== Segment start ==

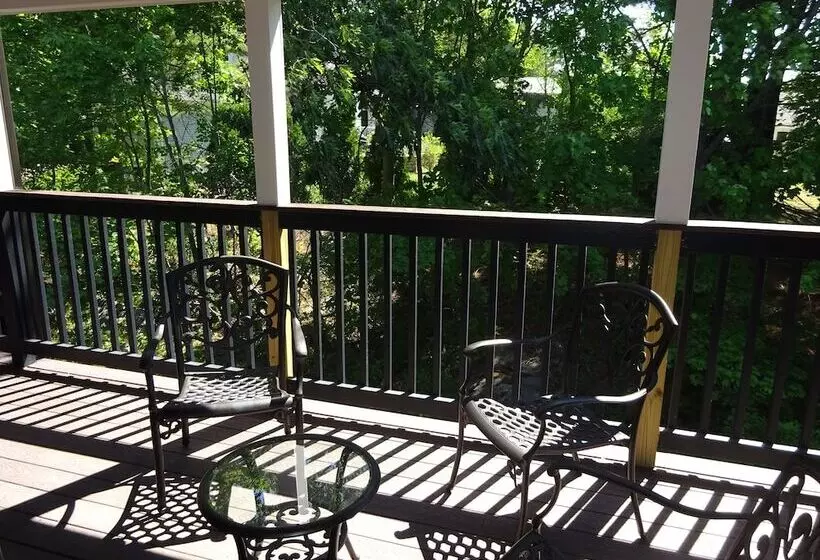 ホテル Sea Rose Suites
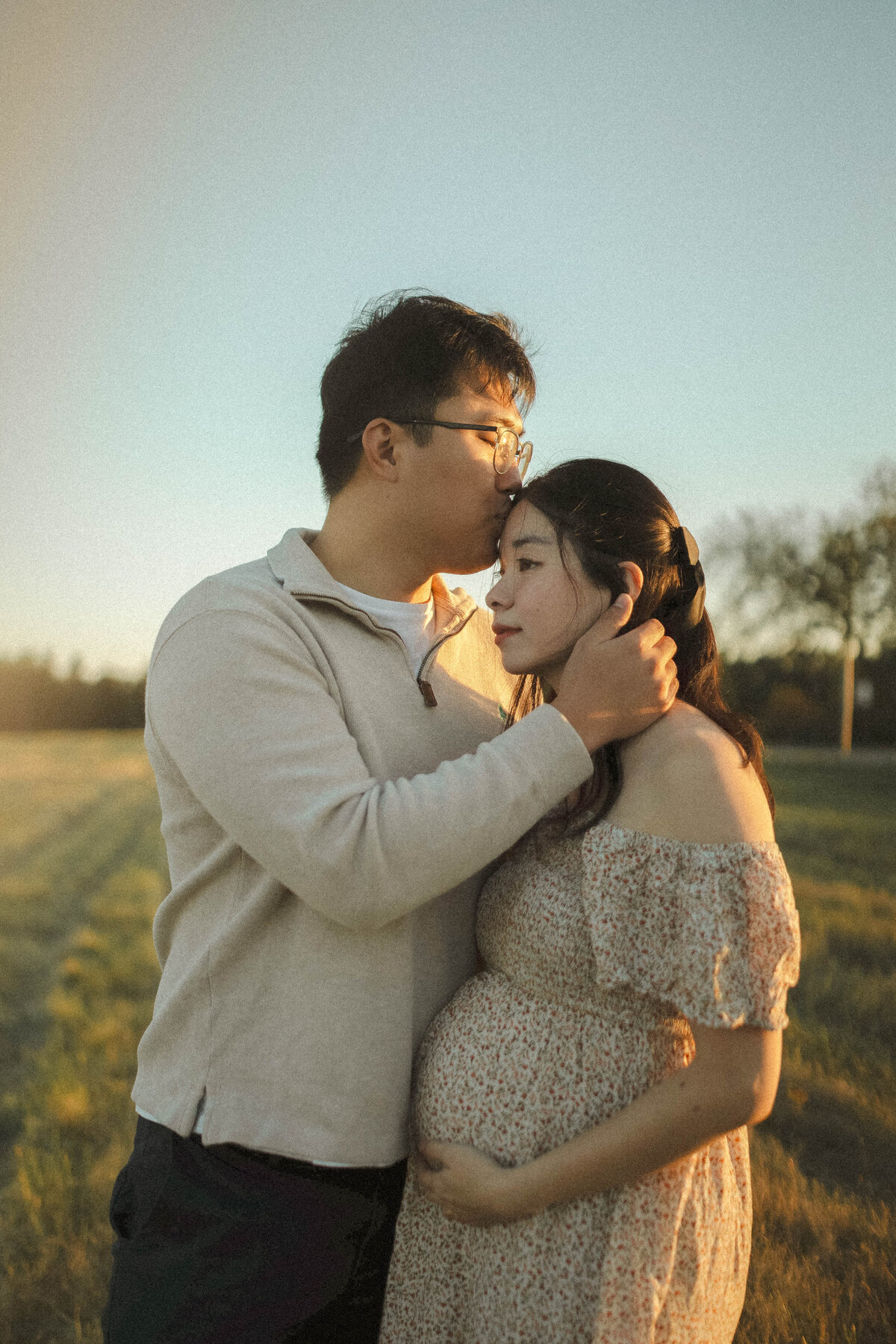 Meghan Hofer Photography Nostalgic and Artful Weddings and Portrait Photographer in Indiana — Maternity Photo 8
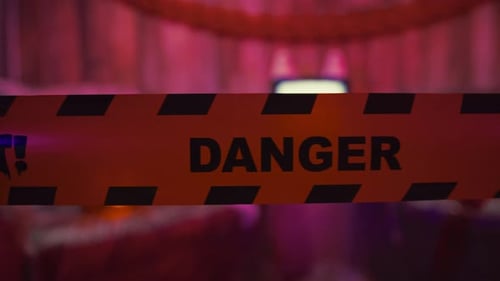 Danger Keep Out Crime Scene Noite de Halloween em casa mal-assombrada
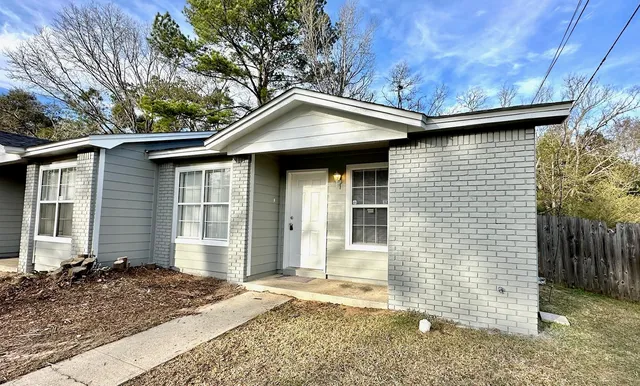 $1,295 | 2938 Greenon Lane, Tallahassee, FL 32304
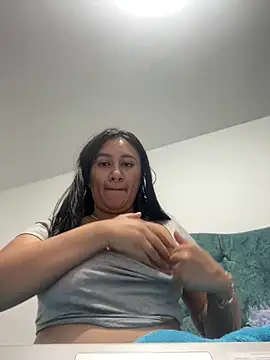 Vyolet  online show from 05-19-26, 11:55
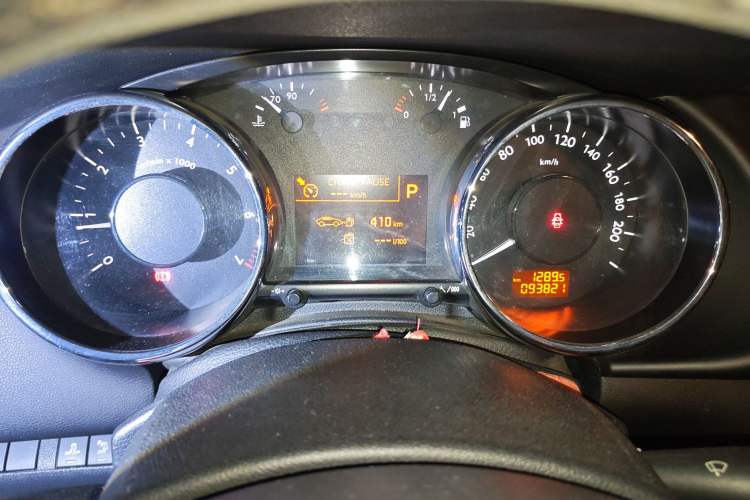 Used Peugeot 3008 2013 2.0L Automatic Trend Edition Instrument Cluster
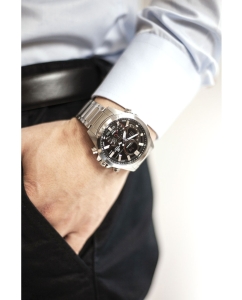 Купить Японские наручные часы Casio Edifice ECB-30D-1AEF с хронографом  в E-mobi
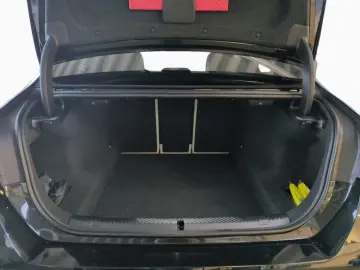 BMW 520d M SPORT PRO PANO Adap.LED H K ICONIC GLOW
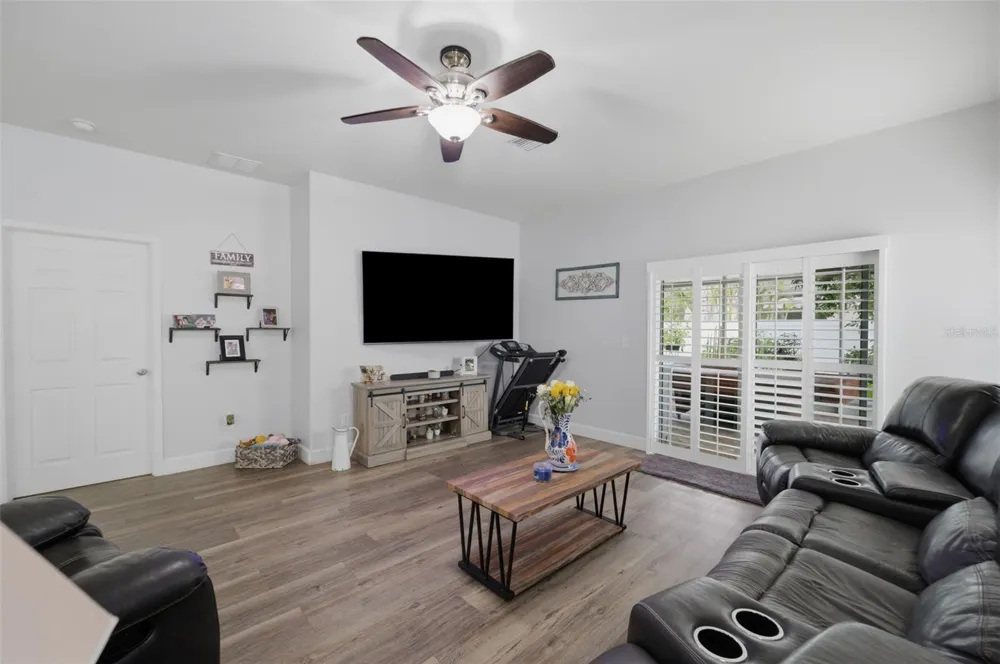 2814 MAPLE BROOK LOOP Lutz, FL 33558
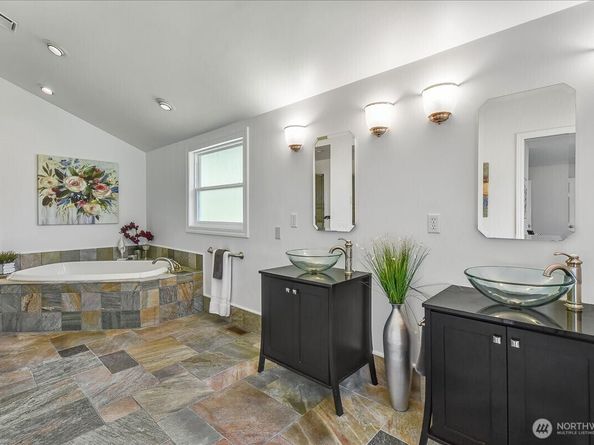 16005 NE 160th Street, Woodinville WA 98072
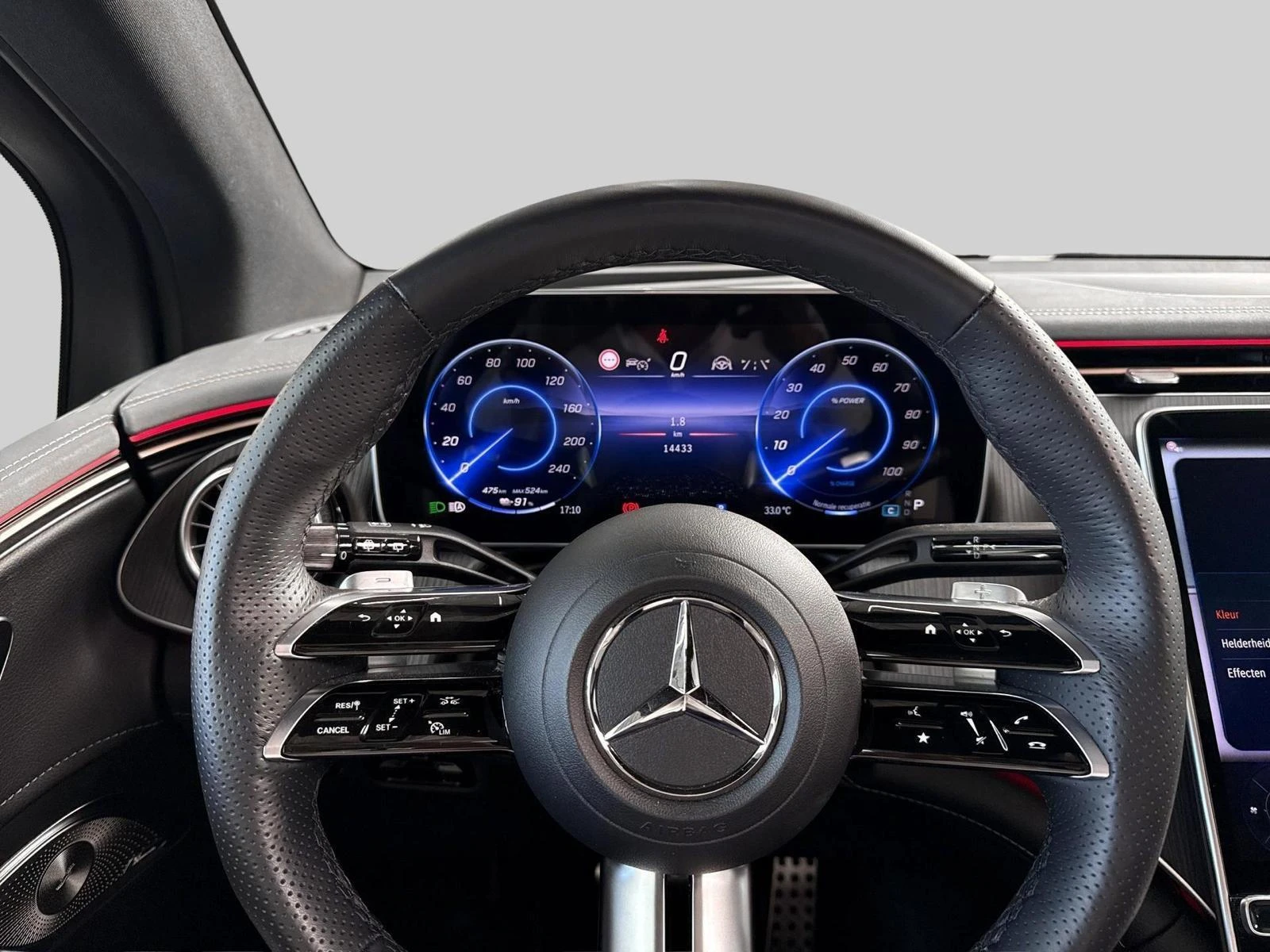 Mercedes-Benz-EQE-image-8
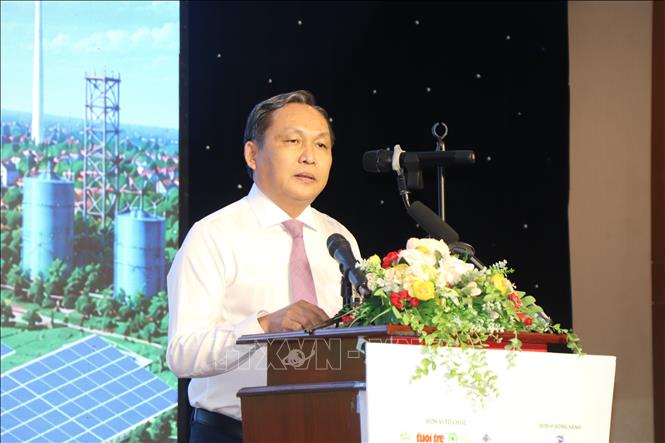 Phó Chủ tịch UBND TP. Cần Thơ Lê Công Lý thông tin về định hướng chuyển đổi nông nghiệp xanh của địa phương. Ảnh: Thu Hiền - TTXVN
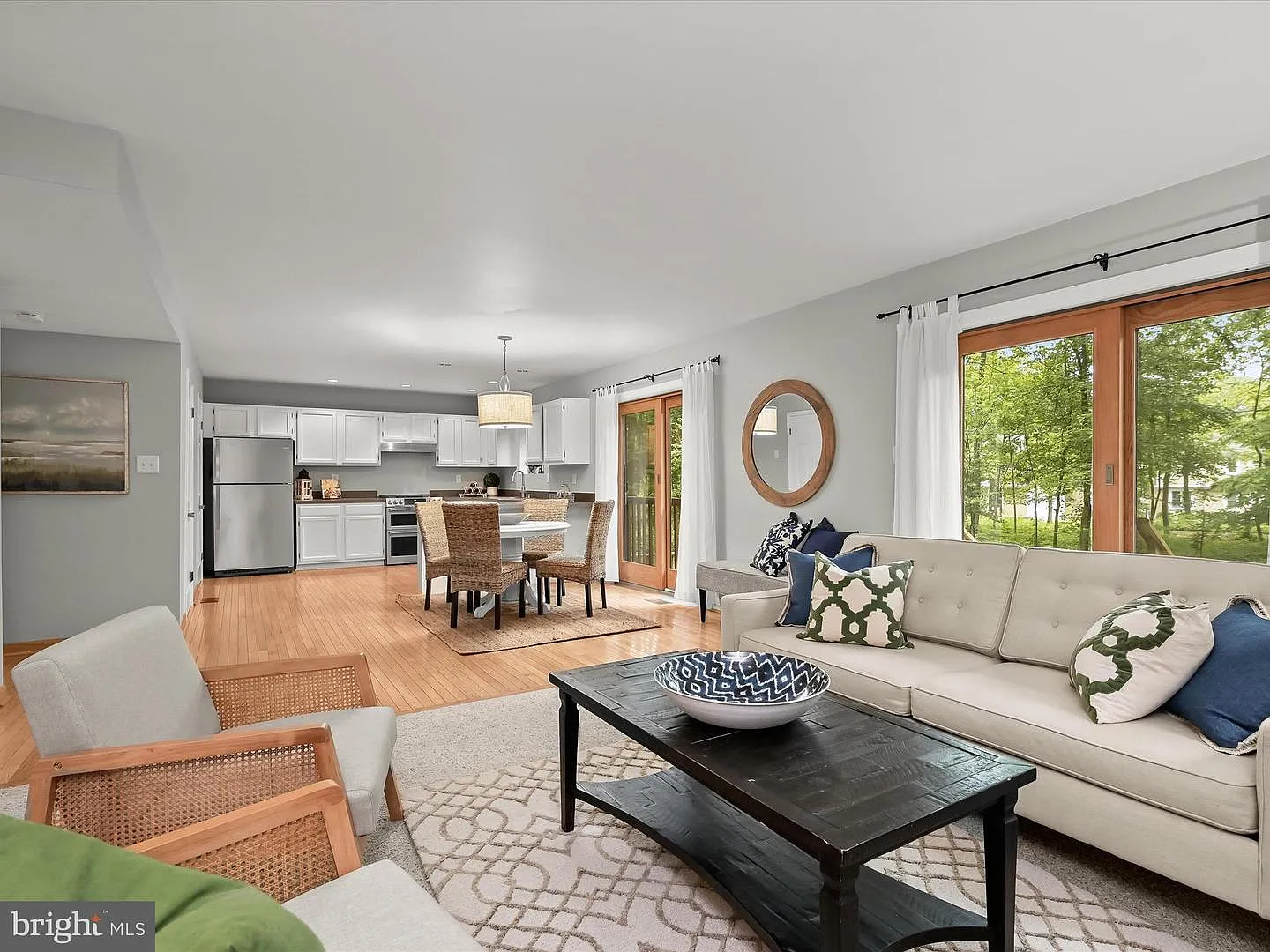 3 bed, 1836 sqft, $3,900 — Photo 3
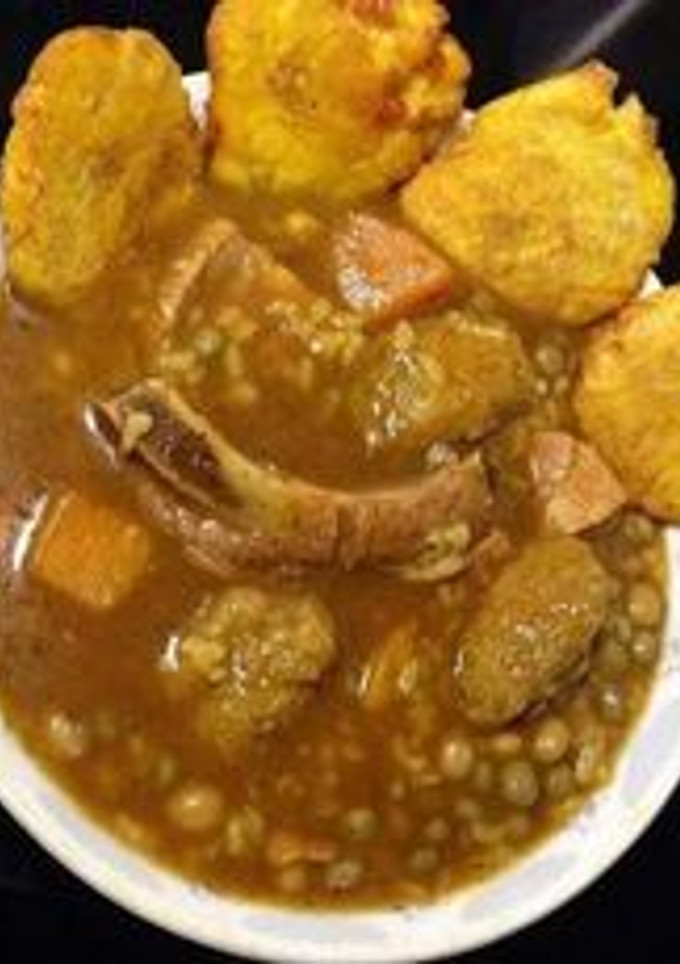 Una foto de Chivo en salsa de gandules con coco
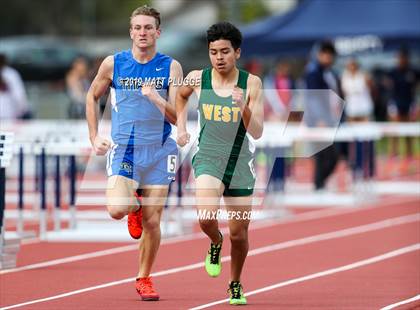 Thumbnail 3 in Kern Invitational photogallery.
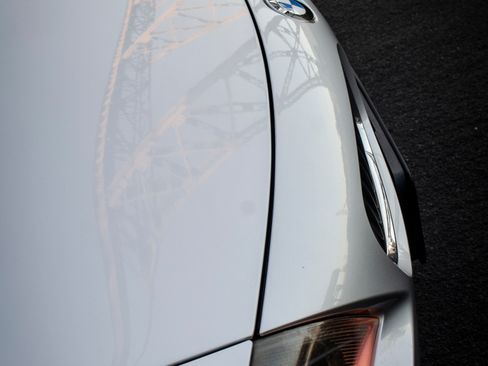 Used 2004 BMW Z4 2.5i image 14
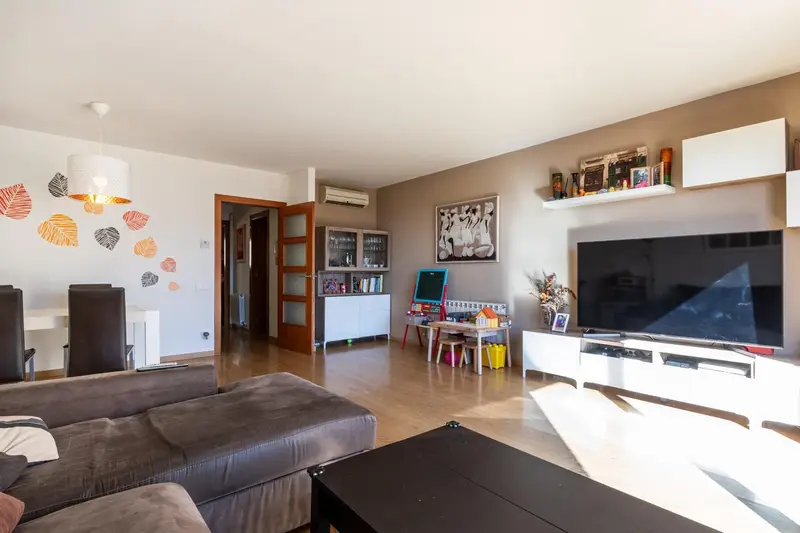 Venta Adosado de 3 habitaciones en Centre, Sentmenat - Ref: 11678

== Segment end ==

[Task item] With the pictures left aside, write out all of the records above exactly.

[Response]
 ホテル Sea Rose Suites
 Meghan Hofer Photography Nostalgic and Artful Weddings and Portrait Photographer in Indiana — Maternity Photo 8
 Danger Keep Out Crime Scene Noite de Halloween em casa mal-assombrada
 $1,295 | 2938 Greenon Lane, Tallahassee, FL 32304
 Vyolet  online show from 05-19-26, 11:55
 Used Peugeot 3008 2013 2.0L Automatic Trend Edition Instrument Cluster
 Купить Японские наручные часы Casio Edifice ECB-30D-1AEF с хронографом  в E-mobi
 BMW 520d M SPORT PRO PANO Adap.LED H K ICONIC GLOW
 2814 MAPLE BROOK LOOP Lutz, FL 33558
 16005 NE 160th Street, Woodinville WA 98072
 Mercedes-Benz-EQE-image-8
 Phó Chủ tịch UBND TP. Cần Thơ Lê Công Lý thông tin về định hướng chuyển đổi nông nghiệp xanh của địa phương. Ảnh: Thu Hiền - TTXVN
 3 bed, 1836 sqft, $3,900 — Photo 3
 Una foto de Chivo en salsa de gandules con coco
 Thumbnail 3 in Kern Invitational photogallery.
 Used 2004 BMW Z4 2.5i image 14
 Venta Adosado de 3 habitaciones en Centre, Sentmenat - Ref: 11678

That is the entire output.